● **WHAT TO WORK ON**
Pictures in the material below are to be left out, and only the lines from the line with "Gélový kryt mmCase" up to and including the line with "Tee-shirt manches courtes" are to be written out exactly.

● **SUPPLIED RECORDS**

# # # # # # #

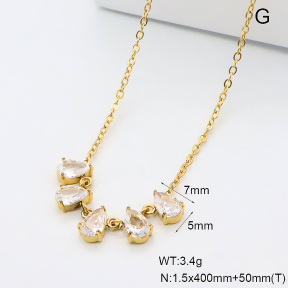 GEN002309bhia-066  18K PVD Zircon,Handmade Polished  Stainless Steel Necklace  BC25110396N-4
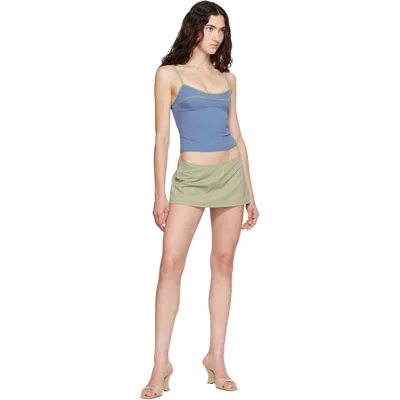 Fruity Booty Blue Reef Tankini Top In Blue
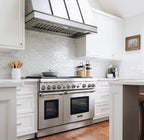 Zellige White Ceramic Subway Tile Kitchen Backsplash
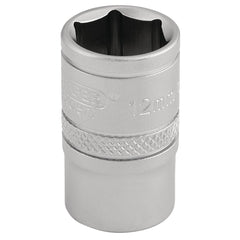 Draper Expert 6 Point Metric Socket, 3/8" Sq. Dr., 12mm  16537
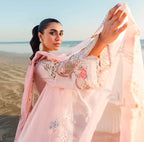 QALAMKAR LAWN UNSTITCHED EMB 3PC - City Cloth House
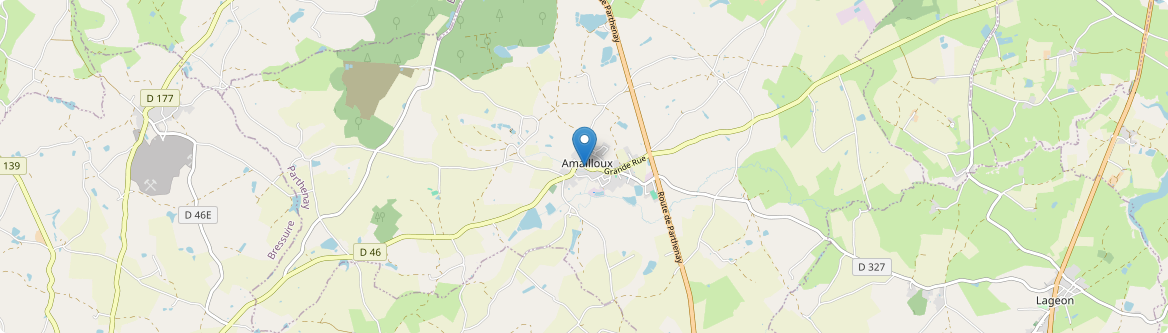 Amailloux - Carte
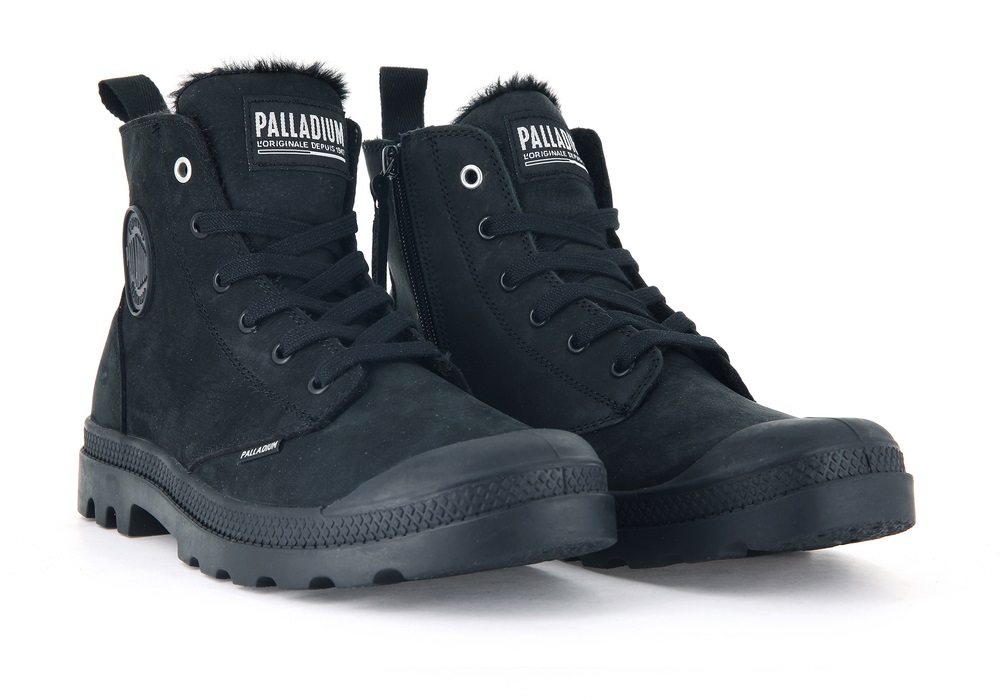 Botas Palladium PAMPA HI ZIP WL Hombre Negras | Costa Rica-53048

# # # # # # #

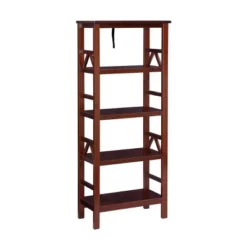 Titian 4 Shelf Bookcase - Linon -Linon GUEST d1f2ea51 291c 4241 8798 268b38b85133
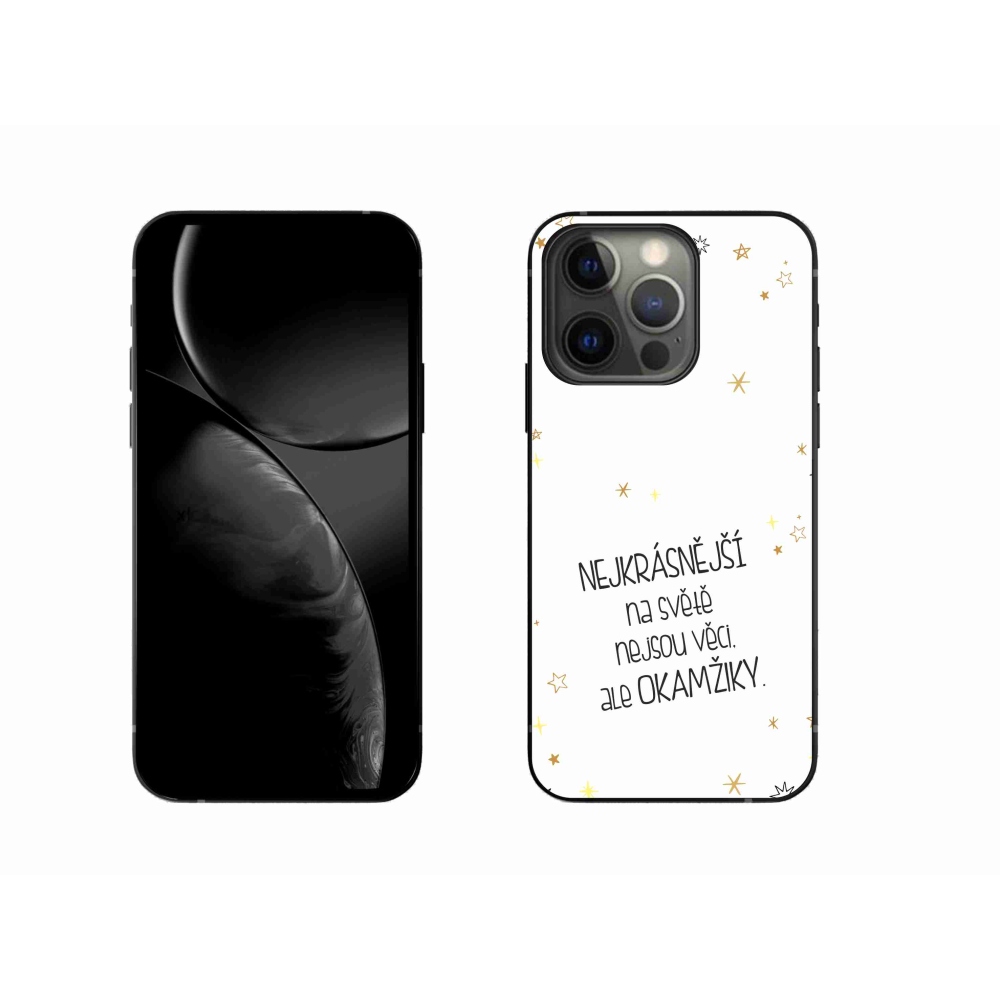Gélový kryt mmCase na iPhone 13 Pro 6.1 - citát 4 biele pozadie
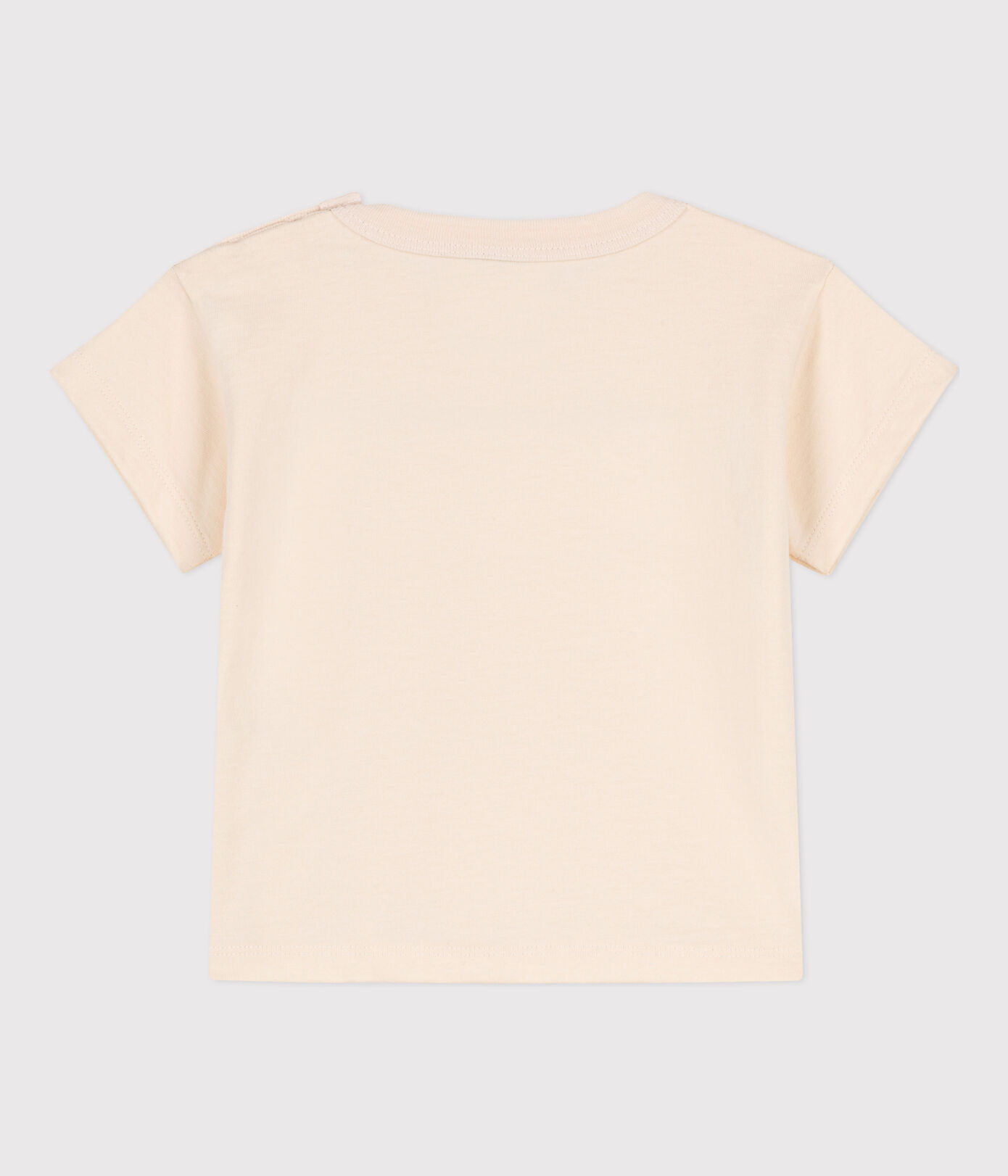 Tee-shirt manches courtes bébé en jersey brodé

# # # # # # #

● **OUTPUT OF THE EXERCISE**
Gélový kryt mmCase na iPhone 13 Pro 6.1 - citát 4 biele pozadie
 Tee-shirt manches courtes bébé en jersey brodé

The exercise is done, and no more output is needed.